What have we learned?

1. reading trajectory data is tricky: some trajectories have no attributes for part of the points, some have a different number of attributes; this make joining them difficult (but not impossible)
2. subsampling, or generalizing the trajectories is easy if we only focus on space (Douglas-Peuker, rgeos::gSimplify), but needs difficult choices if time and/or attributes are taken into account too
3. densifying by interpolation is easy, but one needs to choose where to put extra points: equally spaced between observation points, equally distributed over space, equally distributed over time?
4. aggregating trajectory data leads to change of support: new values are now valid for a grid cell, or a polyline, and for a time interval; we haven't addressed colouring

Open questions

1. Should R take care of the heterogeneity in the data served, or should the data served be consistent?
2. How do we aggregate over multiple trajectories, e.g. when they have different sampling rates?
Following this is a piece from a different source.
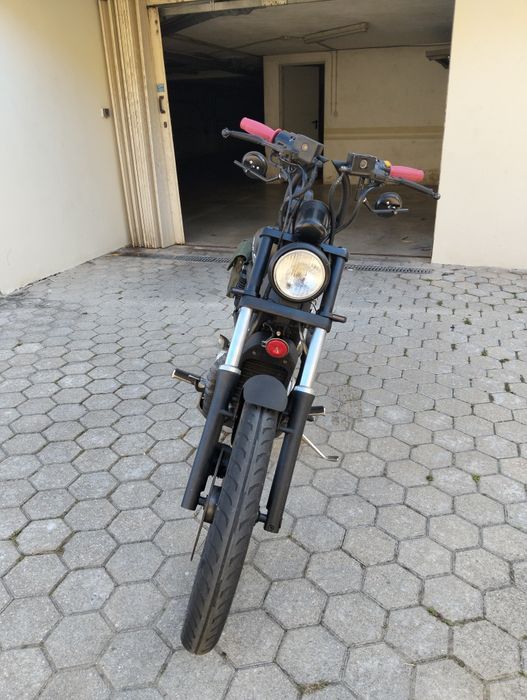 Suzuki Intruder 600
Simply take the points, or weight by interval length or duration?
3. How do we assign trajectories to road segments?
4. How do we aggregate over space AND time, and how do we visualize this?
5. How do we analyze (e.g., summarize) trajectories, within drivers and between drivers?
6. How do we compare trajectories, how do we compare drivers?